Using Tech for Tracking Budget
Recently I came across an article in the NY Times where Tara Siegel Bernard, a personal finance reporter, highlights how she doesn’t like traditional budgets.  She struggles like many of us with managing every dollar, which leads to a migraine or feeling guilty for overspending.  It happens!  


Instead, she recommends a few services highly admired in her life, making budgets easier like Mint and Personal Capital.  Such tech apps alert you when overspending occurs, and you can track your cash flow and if you are progressing with your retirement goals.  
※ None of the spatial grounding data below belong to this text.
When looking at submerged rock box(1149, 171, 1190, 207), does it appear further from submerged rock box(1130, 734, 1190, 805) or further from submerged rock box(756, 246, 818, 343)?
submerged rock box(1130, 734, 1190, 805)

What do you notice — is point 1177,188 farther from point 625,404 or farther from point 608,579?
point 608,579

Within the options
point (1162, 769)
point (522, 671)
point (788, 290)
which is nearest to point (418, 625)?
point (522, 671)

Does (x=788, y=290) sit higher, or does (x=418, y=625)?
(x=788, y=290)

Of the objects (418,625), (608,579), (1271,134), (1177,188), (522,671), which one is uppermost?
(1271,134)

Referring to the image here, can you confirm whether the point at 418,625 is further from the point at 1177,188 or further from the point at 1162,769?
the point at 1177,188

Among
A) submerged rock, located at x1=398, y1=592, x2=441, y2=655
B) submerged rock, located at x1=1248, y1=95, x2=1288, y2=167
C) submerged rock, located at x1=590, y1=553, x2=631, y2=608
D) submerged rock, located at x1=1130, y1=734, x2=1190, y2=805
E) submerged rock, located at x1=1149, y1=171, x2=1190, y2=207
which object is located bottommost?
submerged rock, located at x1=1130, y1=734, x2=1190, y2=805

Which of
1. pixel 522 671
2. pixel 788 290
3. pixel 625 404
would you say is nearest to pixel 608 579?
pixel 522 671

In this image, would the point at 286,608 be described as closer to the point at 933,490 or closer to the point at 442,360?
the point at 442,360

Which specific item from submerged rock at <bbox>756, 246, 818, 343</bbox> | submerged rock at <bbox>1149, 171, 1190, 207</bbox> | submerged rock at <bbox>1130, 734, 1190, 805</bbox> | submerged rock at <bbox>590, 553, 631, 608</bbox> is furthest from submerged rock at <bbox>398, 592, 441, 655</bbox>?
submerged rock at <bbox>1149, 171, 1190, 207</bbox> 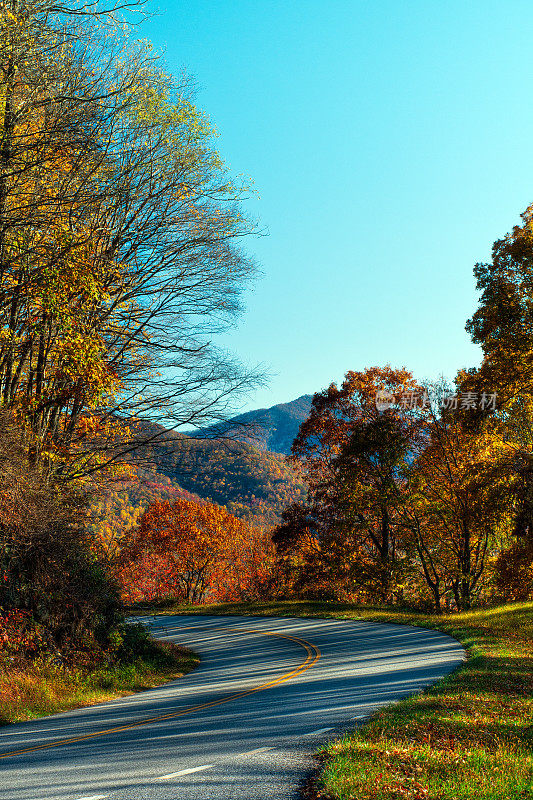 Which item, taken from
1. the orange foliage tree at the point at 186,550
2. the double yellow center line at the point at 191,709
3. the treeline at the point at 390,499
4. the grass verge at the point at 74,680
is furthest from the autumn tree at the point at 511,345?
the orange foliage tree at the point at 186,550

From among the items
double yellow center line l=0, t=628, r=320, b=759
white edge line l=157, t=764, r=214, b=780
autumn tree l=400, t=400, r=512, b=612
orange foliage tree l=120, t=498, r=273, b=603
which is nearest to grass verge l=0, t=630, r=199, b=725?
double yellow center line l=0, t=628, r=320, b=759

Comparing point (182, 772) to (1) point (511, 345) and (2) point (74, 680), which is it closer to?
(2) point (74, 680)

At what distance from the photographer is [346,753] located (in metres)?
6.04

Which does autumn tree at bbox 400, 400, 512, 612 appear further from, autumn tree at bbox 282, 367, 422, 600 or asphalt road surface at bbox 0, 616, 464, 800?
asphalt road surface at bbox 0, 616, 464, 800

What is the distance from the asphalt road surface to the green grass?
1.64 feet

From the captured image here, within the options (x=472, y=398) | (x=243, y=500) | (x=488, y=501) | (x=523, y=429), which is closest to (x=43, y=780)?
(x=488, y=501)

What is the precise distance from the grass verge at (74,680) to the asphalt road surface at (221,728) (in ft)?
2.04

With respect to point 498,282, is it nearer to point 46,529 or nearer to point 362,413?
point 362,413

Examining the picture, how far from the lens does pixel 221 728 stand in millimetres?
8180

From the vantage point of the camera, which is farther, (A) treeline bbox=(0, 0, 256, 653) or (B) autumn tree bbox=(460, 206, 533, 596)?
(B) autumn tree bbox=(460, 206, 533, 596)

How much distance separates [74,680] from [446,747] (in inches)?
370

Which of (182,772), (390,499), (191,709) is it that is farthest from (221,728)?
(390,499)

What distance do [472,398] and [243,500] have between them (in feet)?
367

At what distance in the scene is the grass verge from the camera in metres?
11.0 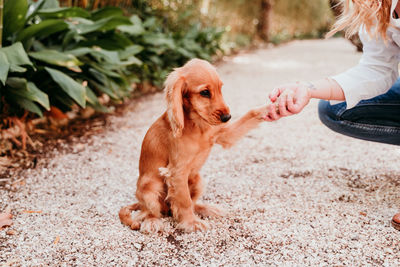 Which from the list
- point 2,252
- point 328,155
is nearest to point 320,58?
point 328,155

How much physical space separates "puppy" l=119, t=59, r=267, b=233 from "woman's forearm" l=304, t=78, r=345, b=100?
0.32 meters

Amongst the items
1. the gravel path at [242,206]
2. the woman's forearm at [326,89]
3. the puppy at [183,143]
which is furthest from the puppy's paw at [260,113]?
the gravel path at [242,206]

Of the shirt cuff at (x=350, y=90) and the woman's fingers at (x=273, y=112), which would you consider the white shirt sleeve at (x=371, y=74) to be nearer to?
the shirt cuff at (x=350, y=90)

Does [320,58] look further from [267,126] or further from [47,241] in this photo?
[47,241]

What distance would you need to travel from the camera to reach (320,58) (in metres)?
8.34

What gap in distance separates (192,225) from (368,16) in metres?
1.49

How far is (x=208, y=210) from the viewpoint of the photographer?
7.14 ft

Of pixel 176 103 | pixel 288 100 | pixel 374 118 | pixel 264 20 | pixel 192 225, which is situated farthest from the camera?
pixel 264 20

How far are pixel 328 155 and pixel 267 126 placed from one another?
0.99 m

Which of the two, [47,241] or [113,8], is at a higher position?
[113,8]

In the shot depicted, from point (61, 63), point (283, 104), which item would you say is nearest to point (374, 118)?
point (283, 104)

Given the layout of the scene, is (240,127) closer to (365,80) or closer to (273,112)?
(273,112)

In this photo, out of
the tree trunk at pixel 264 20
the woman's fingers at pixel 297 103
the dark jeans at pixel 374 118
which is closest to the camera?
the woman's fingers at pixel 297 103

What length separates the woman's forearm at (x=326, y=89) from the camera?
205cm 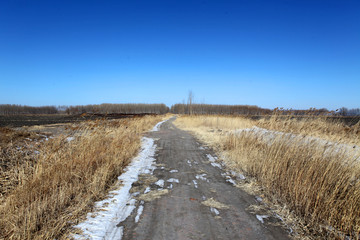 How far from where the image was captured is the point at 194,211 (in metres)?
3.01

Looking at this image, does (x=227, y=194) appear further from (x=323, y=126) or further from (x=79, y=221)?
(x=323, y=126)

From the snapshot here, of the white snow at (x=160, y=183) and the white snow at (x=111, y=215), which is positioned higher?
the white snow at (x=111, y=215)

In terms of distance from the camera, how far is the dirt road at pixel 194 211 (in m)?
2.46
An app recommended is You Need a Budget , available on iTunes.  With a rating of 4.8 out of 5.0 for 12.3K ratings, fans appear to love this app.  This isn’t a free app with an annual subscription of $83.99 or monthly cost of $11.99, fans commented it has broken their paycheck-to-paycheck cycle, put them on a path towards debt freedom, and has motivated them to save more money.

 

Automate Your Month-to-Month Budget
This six-letter word, budget, makes some of you cringe.  I get it, but here is some help to save you time.  In the initial process of setting up your budget, EveryDollar will move the prior month’s budget to the following month.  Having used this app for several months now, I can tell you; personally, it has saved me a few hours per week when managing my money.  


EveryDollar can be used on the app or its website.  They do a fantastic job of keeping the process easy and straightforward to make sure you’re being held accountable.  You can track your financial goal progression, customize categories, have one-off expenses, and track your debt balances to determine if the final balances are coming down.

 

When it comes to budgeting, your family cannot avoid the responsibility of budgeting your finances.  While some aren’t number crunchers, there are a few other methods to help prevent the heartache of cranking out numbers on a spreadsheet and avoid disappointing results that you are broke.  Instead, try to forecast your financial goals and determine if you are reaching these financial benchmarks.  Try using tech to your advantage by using an app or automation to help streamline your budget.  In the end, a debt-free household is a happy household.